Fuad Siniora is strongly pro-business and also has a sense of duty. AFP
Fuad Siniora is strongly pro-business and also has a sense of duty. AFP

A statesman who can be counted on in times of crisis



I like Fouad Siniora, always have. The former Lebanese finance minister and later, more famously, prime minister, has for me always been the quintessential statesman, a technocrat with a conscience, the perfect leader for a country that in reality is more driven by the dollar than by ideology.

In February 2005, after the death of his mentor Rafik Hariri, the former prime minister, I visited Mr Siniora at the offices of the Banque de la Méditerranéein Beirut. Four months earlier, after the Syrian-backed presidential extension and Hariri's subsequent resignation, he had quit the government to become chairman of the Hariri-owned Group Méditerranée. What was arguably his finest hour was yet to come.

I was the editor of Executive magazine and scheduled to interview Mr Siniora on the state of the banking sector and the future of the economy. In true Arab fashion, the publisher suggested we go as a delegation - none of this cosy western one-on-one nonsense - so four of us were rounded up to pick his brains.

Given the recent events, Mr Siniora's mind was probably neither on the state of Lebanon's foreign currency reserves nor its debt management, and he, quite understandably on reflection, and given that we came as a group, assumed we were there to offer our condolences for his late boss. When he saw the notebooks and tape recorders, he didn't miss a beat, seamlessly switching from national tragedy to fiscal mundanity.

We did touch on the Hariri killing, to which, with suitable sorrow he said he wished, for the sake of the nation, he could swap places with the former premier. The comment later drew a few cynical giggles in the lift, but pathos aside, one could not help thinking he meant it.

Why should I like Mr Siniora? After all, there is a segment of Lebanese society that loathes the legacy of the Hariri-Siniora axis and blames our current predicament on its profligacy. His detractors accuse him, as Hariri's finance minister, of increasing Lebanon's national debt from a perfectly manageable US$2 billion (Dh7.34bn) in 1992 to more than $30bn by 2004.

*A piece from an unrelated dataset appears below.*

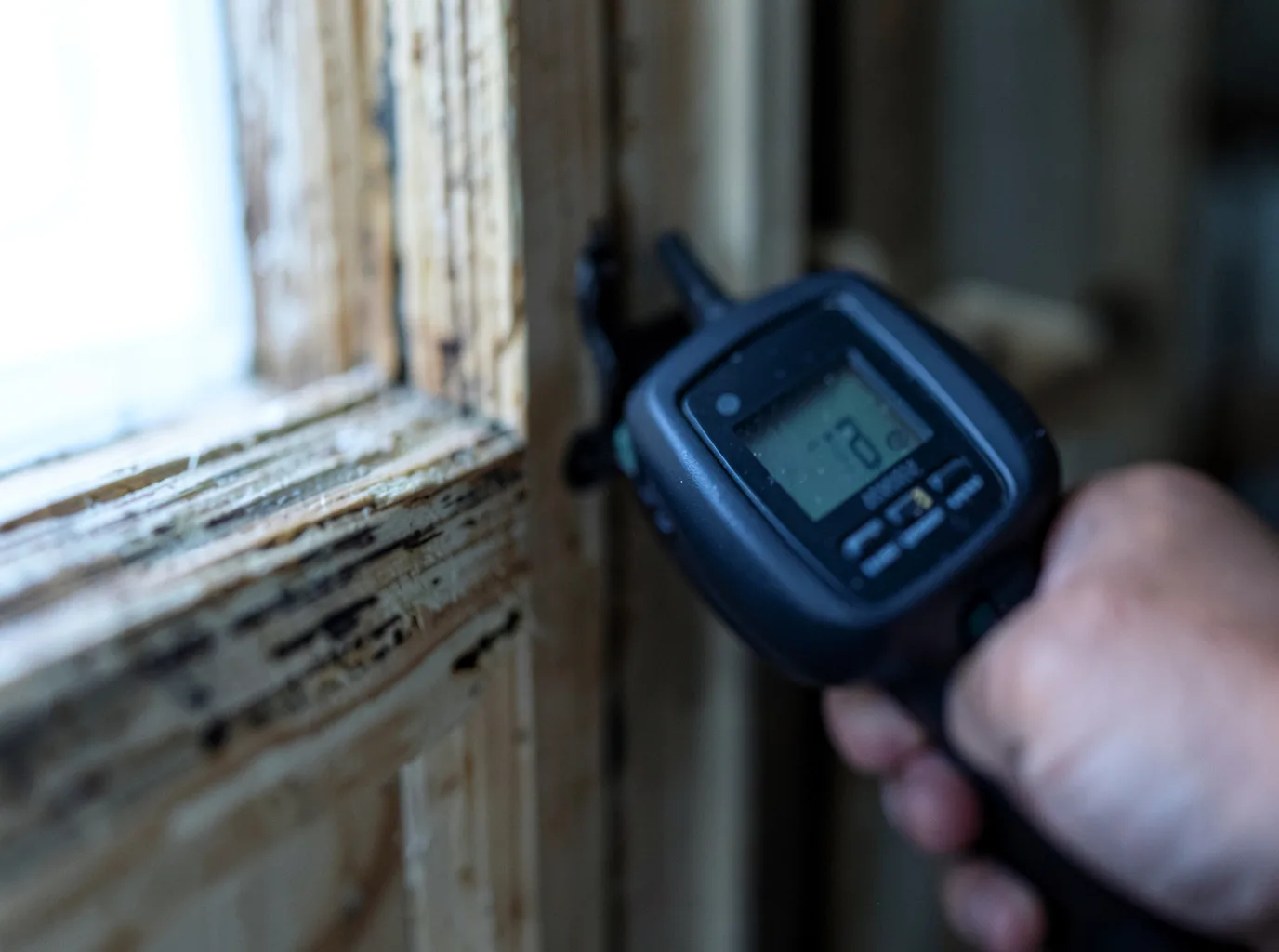 Moisture Inspection And Documentation in Preemption, IL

There were also the charges of corruption, of which a parliamentary committee cleared him in 2003. With hindsight, the reconstruction years of the 1990s were probably unwise. But Hariri had a vision. Basically it was: 'spend and we'll get it back in spades when we make Beirut the jewel of the Levant, and the Arabs will flock to its gleaming new city centre'. It was a bold, some might even say reckless, roll of the dice, a strategy that wasn't helped by the ever-present culture of embezzlement - over which one would like to assume Mr Siniora had no control - that raised the debt. But at least there was a vision and a plan.

I like Mr Siniora simply because, as prime minister between 2005 and 2009, he represented the Lebanon many of us wanted after the Cedar Revolution. Here was a technocrat, strongly pro-business (as any good Lebanese Sunni should be) who also had a sense of duty.

He was also quite tasty in a crisis. During July and August 2006, when Lebanon was being bombed by the Israeli air force, he decried the disproportionate response to Hizbollah's catastrophic cross-border operation that sparked the war. And during the subsequent 18-month demonstration by the opposition in Hariri's downtown jewel, during which his headquarters at the Grand Serail was besieged by a mob baying for his head, he did not budge and he did not cave. In all he did, he was a statesman.

At the 2009 elections, he stepped down in favour of Hariri's son, Saad, and has since spent his time as the member of parliament for the southern city of Sidon and the head of the now-opposition parliamentary Future Bloc.

So why, many of you wonder, am I suddenly writing a paean to someone many see as yesterday's man? Well, last Friday he hit out at the US government for cutting off tens of millions of dollars in contributions to Unesco, which relies on the Americans for much of its funding, after the body granted membership to the Palestinian Territories.

Instead of urging the Arab street to rise up and take Jerusalem or burn the US and Israeli flags, Mr Siniora's reaction was to call on Arab and Islamic countries to get out their chequebooks and pay the shortfall. It would, he said "thwart Israeli blackmail and intimidation and US pressure [for the sake of] dominance". It was a suggestion on-message with the so-called Arab Awakening.

Here was a politician, a leader even, encouraging a new resistance, one that could have a more far-reaching impact than the divisive and violent ideology of his political opponents in Hizbollah. That's why I like Mr Siniora.

* Michael Karam is a freelance writer and communication consultant based in Beirut.